Während eines Interviews mit dem Inhaber von Cunningham Construction lernt Maya dessen attraktiven und charmanten Sohn Julian kennen. Sie ist sofort fasziniert von ihm, doch Julian ist bereits vergeben. Was sie nicht ahnt. Auch Julian kann sie nicht vergessen. Wären da nicht Melissa, Julians eifersüchtige Verlobte, sowie sein Bruder Jayden, der ebenfalls ein Auge auf Maya geworfen hat und vor nichts zurückschreckt, um sein Ziel zu erreichen. Werden Maya und Julian ihr Glück finden können?

Meine Meinung:

„Secret Desire“ ist ein Sammelband der Liebesgeschichte rund um Julien Cunningham und Maya Shepherd. An und für sich hätte die Lektüre echt nett sein können, allerdings haben die unlogischen Handlungen der Protagonistin hier einen Strich durch die Rechnung gemacht.

An und für sich hat mir der Schreibstil eigentlich gut gefallen, denn er ist locker gehalten und die Autorin nimmt kein Blatt vor den Mund – Direktheit finde ich gut. Zu viel davon ist dann allerdings schon wieder unsexy. Gerade bei den erotischen Szenen war mir die Sprache oft zu vulgär, sodass ich dem Charakter sein „brennendes Verlagen“ nicht abkaufen konnte. Auch die vielen Wortwiederholungen (unglaublich, anziehend etc.) haben mich das Buch des öfteren aus der Hand legen lassen.
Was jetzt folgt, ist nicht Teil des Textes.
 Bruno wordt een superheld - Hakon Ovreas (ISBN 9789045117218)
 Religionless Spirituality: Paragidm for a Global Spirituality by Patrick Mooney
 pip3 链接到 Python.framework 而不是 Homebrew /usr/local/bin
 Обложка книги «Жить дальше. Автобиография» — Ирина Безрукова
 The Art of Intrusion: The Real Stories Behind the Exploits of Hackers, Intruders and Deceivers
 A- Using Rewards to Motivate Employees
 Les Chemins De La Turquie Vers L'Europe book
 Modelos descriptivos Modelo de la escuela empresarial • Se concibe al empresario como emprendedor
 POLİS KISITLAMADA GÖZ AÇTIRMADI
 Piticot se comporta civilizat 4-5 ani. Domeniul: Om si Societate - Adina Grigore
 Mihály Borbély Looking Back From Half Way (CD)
Für mich am Schlimmsten war alledings die Protagonistin selbst. Sie hat sich teilweise so unpassend verhalten, dass ich das Lesen unterbrechen musste, weil ich mich über sie geärgert habe. Dass nicht immer alle Personen in jeder Situation logisch agieren, ist ein Ordnung. Wenn sie das aber permanent tun und dann auch noch in Extremsituationen, dann kann ich da leider nicht mehr folgen. An sich war Maya mir zu Beginn eigentlich auch sympathisch, aber das hat sich dann leider schnell gelegt. Bei Julien war es etwas besser. Er hat zwar zwischendurch auch ein paar merkwürdige Entscheidungen getroffen, generell konnte ich ihm seine Rolle aber eher abkaufen. Die beiden könnten ein wirklich tolles Paar sein, wenn nicht ständig und permanend der Sex im Vordergrund stehen würde. Ich habe überhaupt nichts gegen solche Szenen, aber bei dieser Lektüre waren sie einfach zu oft und dann auch meistens noch sehr hektisch und gehetzt, was ich persönlich schade fand.
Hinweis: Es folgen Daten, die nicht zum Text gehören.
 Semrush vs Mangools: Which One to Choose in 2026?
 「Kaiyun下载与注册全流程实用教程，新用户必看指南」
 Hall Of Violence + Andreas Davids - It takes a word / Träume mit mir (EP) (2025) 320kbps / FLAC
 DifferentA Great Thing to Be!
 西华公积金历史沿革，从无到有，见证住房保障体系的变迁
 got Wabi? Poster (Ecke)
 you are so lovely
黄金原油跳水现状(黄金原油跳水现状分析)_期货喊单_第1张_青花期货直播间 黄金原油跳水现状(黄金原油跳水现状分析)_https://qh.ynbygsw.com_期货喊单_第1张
Die Nebencharaktere waren für mich am glaubwürdigsten und haben auch die meisten Überraschungen parat gehalten. Hier scheint die Autorin genau festgelegt zu haben, wer in welche Rolle schlüpfen soll und hat sie diese auch stringent durchführen lassen. Ein Kompliment also für die Nebendarsteller der Story, denn sie waren durchweg authentisch.
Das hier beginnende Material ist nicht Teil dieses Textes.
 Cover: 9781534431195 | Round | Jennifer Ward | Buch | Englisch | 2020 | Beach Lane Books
Die Hintergrundstory (Redakteuerin verliebt sich auf den ersten Blick in reichen Immobilienmogul mit leicht dominanter Ader) ist zwar nicht neu, aber prinzipiell mit eigenständigen Elementen versetzt. Leider bedient sich die Autorin auch hier ziemlich vieler Klischees, um Mayas und Juliens Lovestory abzurunden. Mir tut es furchtbar leid, dass ich so viele negative Worte finden muss, da ich weiß, wie viel Arbeit hinter einem Roman steckt, aber meine Hoffnungen ruhen definitiv auf den anderen Werken von Frau Summers.

Die Spannung war zwischendurch vorhanden, wurde aber durch die vielen übertriebenen Darstellungen (was Maya alles innerhalb kürzester Zeit verkraften muss, reicht für mehr als ein Leben) oft ausgehebelt, weil irgendwann einen nichts mehr überrascht hat.

Abschließend lässt sich sagen, dass „Secret Desire“ und ich keine Freunde wurden, ich aber einem anderen Roman der Autorin noch mal eine Chance geben werde.